3. The geographical distribution of these 18 people with real estate wealth is: nine in California (five of these in the Bay area), three in New York, two in Chicago, IL, and one in each of four other states.
How do we interpret this situation with only a small percentage of the wealthiest Americans having obtained riches through real estate, even though real estate has long been in a bull market? Assuming that the Forbes list is accurate (and I would guess that it is, because the magazine has been tracking America's wealthiest for many years, presumably refining their ranking and fact-gathering methodology along the way), I suspect that some combination of the following behind-the-scenes factors could be at work:
a. "Old" Asset: Real estate has been around forever (well, at least since European settlers introduced the concept of land ownership on American soil--or stole land from the American Indians, to phrase what happened another way).
b. Low Volatility: Being a "mature" asset, real estate tends to rise in value over time but has much lower volatility than individual stock prices, making it that much more difficult to amass a real estate super-fortune during a lifetime.
c. Generational Wealth Dispersion: With inheritance laws and generational wealth dispersion effects, highly concentrated wealth tends to remain in families only a few generations. Children of the rich tend not to be as financially successful as their more entrepreneurial parent(s), just as the children of the tallest people tend not to become as tall as their parents (a type of mean reversion phenomenon is at work here). One example of this effect is how the late Sam Walton's estate (Wal-Mart) has been divided five ways between his wife and children, who will likely divvy it up further among their children, without any one child or grandchild ever succeeding in realizing long-run returns comparable to founder Sam's.

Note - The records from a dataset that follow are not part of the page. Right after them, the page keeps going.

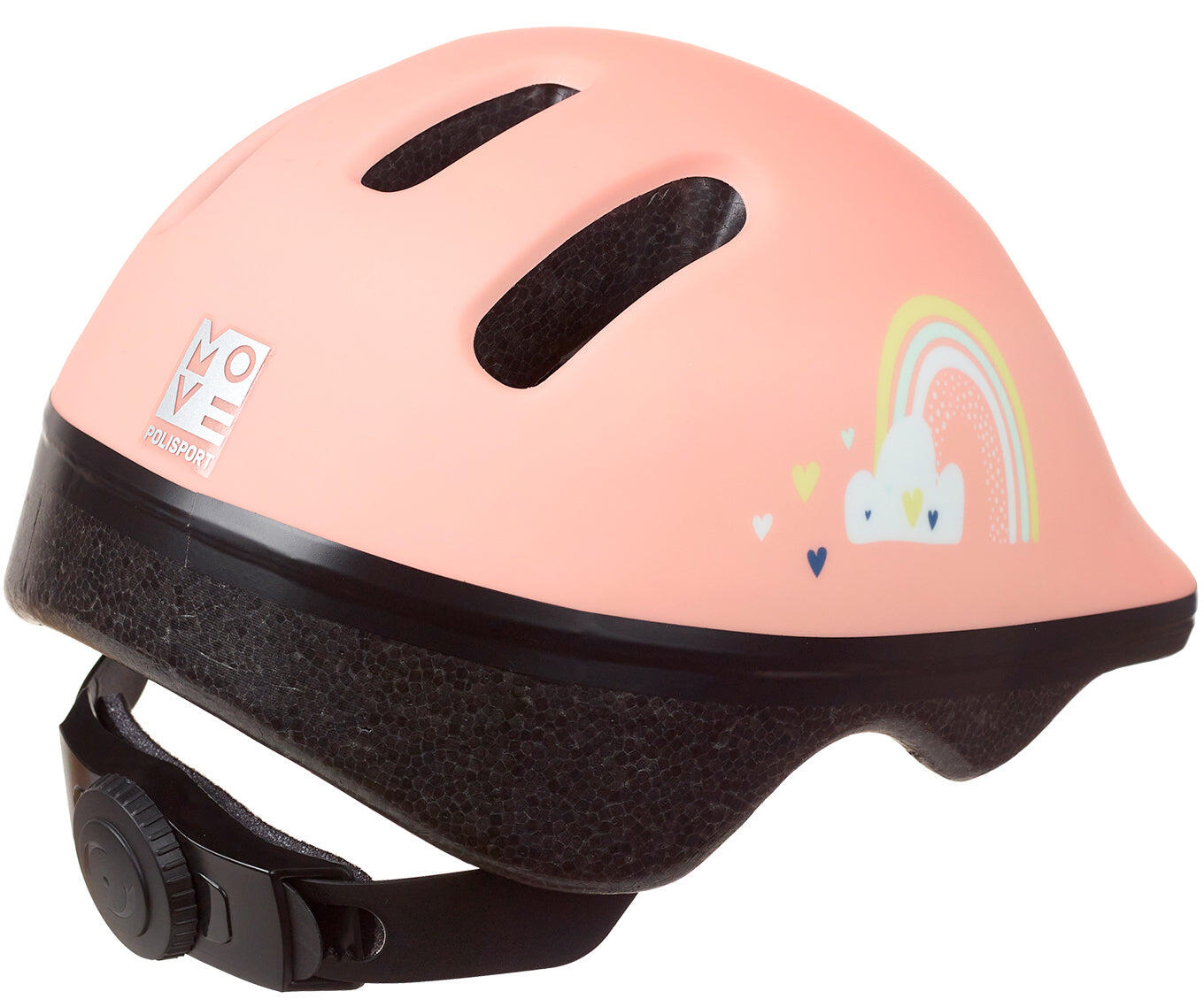 Casco da ciclismo per bambini Comfort e Sicurezza Arcobaleno Rosa 4/4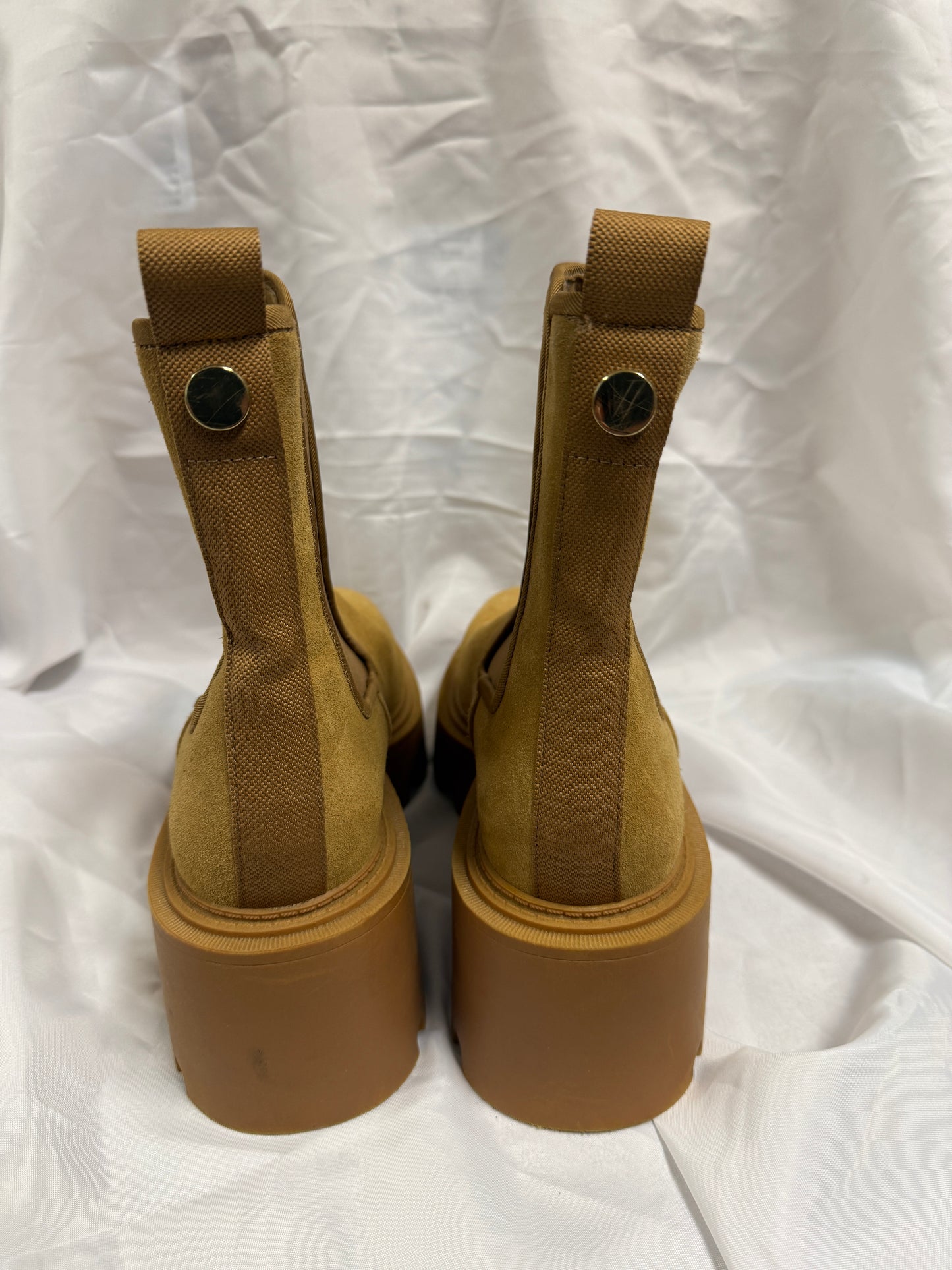 Zara Platform Boots Brown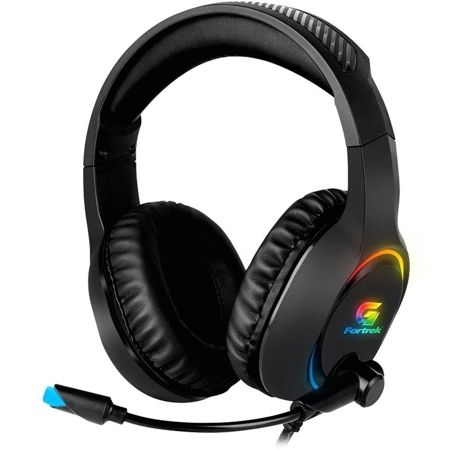Imagem de HEADSET GAMER HOLT RGB C/ DRIVERS DE 50MM PRETO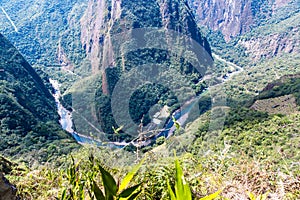 Mysterious city - Machu Picchu, Peru,South America. The Incan ruins and terrace.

d. Derivative Wealth: Real estate tends to benefit from wealth creation in other areas but has little to no intrinsic value per se (i.e., how much is dirt worth?). For example, so many of the real estate billionaires live in the Bay area and New York because their wealth is derived from property appreciation driven by wealth creation in the technology (Silicon Valley) and financial (Wall Street) sectors.
The result is fragmented ownership of a low volatility, old asset. Compared to concentrated ownership of relatively new companies in the hands of their founder-entrepreneurs--think Microsoft (Bill Gates, Paul Allen), Dell (Michael Dell) and Oracle (Larry Ellison), or more recently, eBay (Pierre Omidyar) and Amazon (Jeff Bezos), or even more recently, Google (Sergey Brin, Larry Page)--it is much harder for an investor to make a colossal amount of "quick money" in real estate.
So, yes, there is money in real estate. However, it seems unlikely that real estate magnates will ever (at least under the present form of American capitalism with its breadth of entrepreneurial opportunities in the manufacturing and service sectors) occupy more than 5% (or maybe 10%) of the top slots among the wealthiest people in America or the world. Instead, real estate will probably continue to "derive" wealth from other high growth areas such as technology, producing plenty of rich landlords but very few, if any, of the incredibly super-rich.